_Exercise requirements_
Only the lines from the one containing "Juventus Fourth Jersey" through the last line of the entries are wanted. Transcribe them exactly.

_Records for this exercise_
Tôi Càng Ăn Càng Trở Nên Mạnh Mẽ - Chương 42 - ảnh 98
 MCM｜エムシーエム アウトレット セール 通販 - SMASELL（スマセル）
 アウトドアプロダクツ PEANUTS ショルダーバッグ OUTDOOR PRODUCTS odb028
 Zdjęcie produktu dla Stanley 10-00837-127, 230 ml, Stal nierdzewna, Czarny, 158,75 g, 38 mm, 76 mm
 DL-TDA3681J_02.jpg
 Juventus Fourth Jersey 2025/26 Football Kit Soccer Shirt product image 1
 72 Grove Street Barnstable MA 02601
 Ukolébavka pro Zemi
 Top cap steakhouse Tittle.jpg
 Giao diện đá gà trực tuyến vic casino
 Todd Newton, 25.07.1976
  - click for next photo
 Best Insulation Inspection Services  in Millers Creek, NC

_Result of this task_
 Juventus Fourth Jersey 2025/26 Football Kit Soccer Shirt product image 1
 72 Grove Street Barnstable MA 02601
 Ukolébavka pro Zemi
 Top cap steakhouse Tittle.jpg
 Giao diện đá gà trực tuyến vic casino
 Todd Newton, 25.07.1976
  - click for next photo
 Best Insulation Inspection Services  in Millers Creek, NC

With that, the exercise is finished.